Speakers Frankline Mardi, Jean Claude Brizard, Amanda Fernández, and Bing Howell discuss how COVID-19 has disproportionately impacted BIPOC students.

  • As many as 3 Million children have gone without education since March. (estimate)

  • The students currently in school stand to lose $10 trillion in labor earnings over their work life. (Brookings)

  • More than 4,000 New York children have lost a parent to coronavirus - and up to 25% of them may wind up in foster care. About 57% of those who have lost a parent live in the Bronx, Brooklyn or Queens. Black and Hispanic children lost mothers and fathers to COVID-19 at twice the rate of white and Asian children. (United Hospital Fund and Boston Consulting Group)

There is a need for whole-child and whole-community efforts. Sustainable solutions do not lie in merely changing systems. It is also essential to invite students and parents to the table, shifting power dynamics and giving families ownership and empowerment to navigate these systems. This “both/and” approach is also necessary within philanthropy to break down existing silos of support.

What role does SEL play in student resilience? How do educators see SEL competencies addressed in their work?

Without SEL, it is hard for students to take in what they are learning effectively. Students are facing a lot more traumas today than in the past, especially with COVID-19. They need to learn how to deal with the challenges they are facing and how to heal. Today, many more schools and teachers prioritize advisory or community-building time where students are actively taught SEL skills. This time also provides a space where students can be freer. They can unmute themselves, be funny with friends, and face less pressure to turn on their cameras.

More educators are also assessing students to measure SEL skills and growth. This helps identify where students are struggling, which is currently primarily in building relationships with peers, with cultivating optimism, and being physically active. SEL competencies have a more direct link to life success than to academic proficiencies. When educators assess SEL skills, they can use that information within their interactions with individual students and the class's activities as a whole.

Missed the event? Watch the recording of “Elevating Voices for Equity: K-12 Educational Equity and Access” here!
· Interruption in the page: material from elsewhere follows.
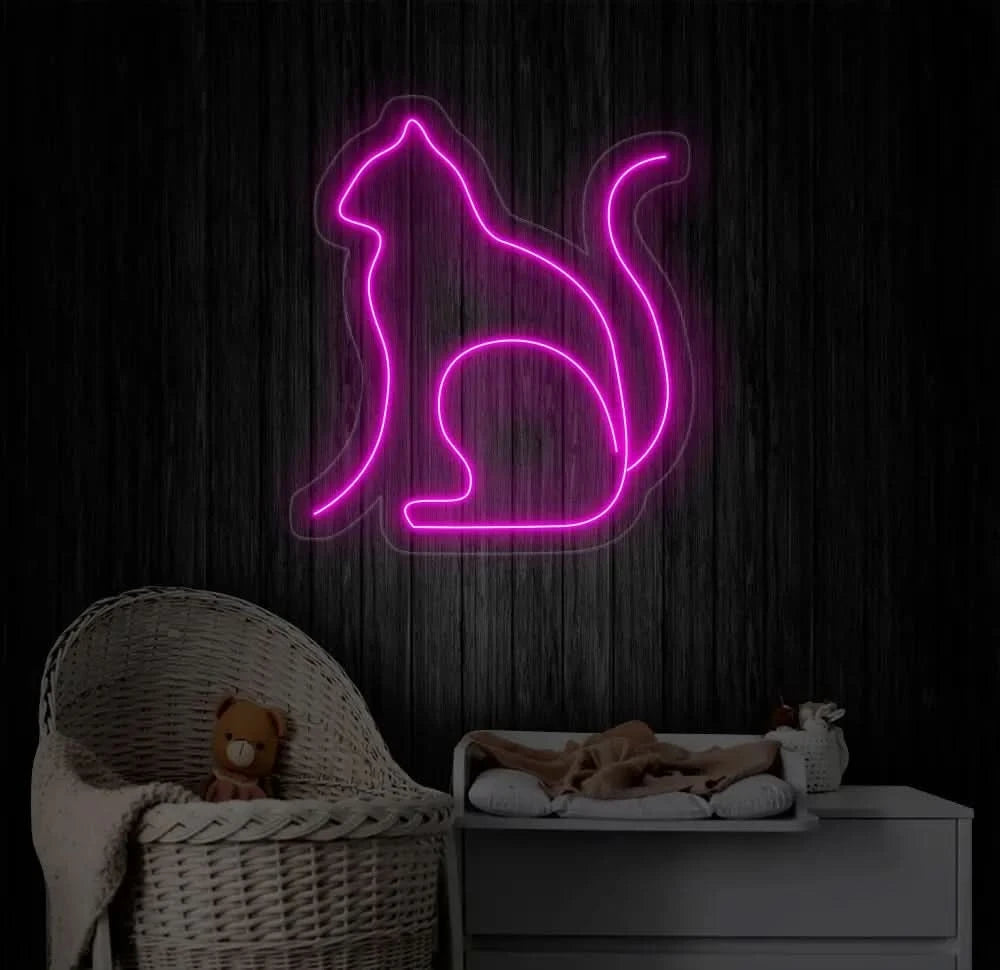 Cat Minimalist Line Neon Sign Cat Led Sign Custom Neon Sign Gift For Kid Cat Shop Light Wall Art Pet Spa Neon Sign Cat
Many schools across the country have also started to make more and new spaces for students' action taken on students' behalf. We all witnessed this during the summer of 2020 with protests as students forced the system to listen to them. In starting from an assets-based mindset, students do have strong SEL skills and know what they need.

Educators, parents, and community leaders must spend more time sitting down with students and sharing today's realities and what it means to them, centered in mental trauma. We must do this through a lens of systematic change with all systems, health, criminal justice, education, philanthropy, and beyond, to co-create solutions that students inform.

During this K-12 Educational Equity and Access, discussion community leaders share their insights on the root causes of educational inequities, reinforce the direct impact of SEL, challenge us to expand membership at the decision-making table, and follow the data to create more effective strategies. Watch the video to explore these themes framed and more as part of our Elevating Voices For Equity series.

Additional questions discussed in the video include:

  • How can we provide student agency, “voice and choice”, in the face of unpredictable circumstances in our community?

  • How do we train educators to have a growth mindset on how we value the voices of students?

  • How can we ensure that those impacted the most by choices have a say in those choices?